Ensuite, ce film jouit d'un casting improbable, utilisé dans des conditions improbables. Le plus marquant est bien sûr Elton John en présentateur d'une partie de flipper par le leader des Who devant un public de jeunes hippies. Rien que pour ça, vous devez voir ce film. Mais il y a aussi Eric Clapton qui rocknellise une église, ou Jack Nicholson en docteur qui drague la mère du pauvre petit Tommy ! Tina Turner en prostituée droguée aussi, ça vaut le coup d'oeil, inoubliable. Mais même avec les personnalités moins connus, comme Oliver Reed et Ann-Magret, les performances sont tellement déformées d'elles-même que l'absurdité des personnages en ressortent, avec la totale complicité des spectateurs qui en redemande. Et puis, et surtout : le film te donne envie de mieux connaitre l'album ! Malgré mon avis dessus ! Quand je vois Tommy se barrer devant un soleil couchant avec une explosion rock dantesque, j'ai toujours envie de lui redonner une chance, histoire de savourer à nouveau cette espèce d'apesanteur où le ridicule frôle constamment d'être vu mais n’apparaît jamais, où des surprises aussi jouissives que franchement marquantes sont enchaînées dans un montage aussi fou furieux que la mise en scène et la photographie, où Kurt Russel combat ses handicaps au nom du flipper ! C'est ce qui finit d'ailleurs par être sa faiblesse: à constamment lancer la purée, on a peu de temps pour souffler je trouve, et il fatigue vraiment au bout d'une heure.

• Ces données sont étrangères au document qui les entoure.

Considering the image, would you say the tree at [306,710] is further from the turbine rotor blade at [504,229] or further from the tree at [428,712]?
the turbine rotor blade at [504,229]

On est toujours captivé, mais on est davantage déconcentré.
Mais ce film est beaucoup trop cool, vraiment. Vous pouvez ne pas l'apprécier tel quel, mais si c'est le cas, il sera soit un nanar, soit un plaisir coupable pour vous (c'est le risque quand un Opéra Rock joue sa carte à ce point-là, sans avoir des sous-entendus plus adultes). Dans tous les cas, une fois vu, "Tommy" ne vous laissera plus jamais tranquille, et ce sera difficile de retrouver une telle luxure de trouvailles techniques dans un autre film.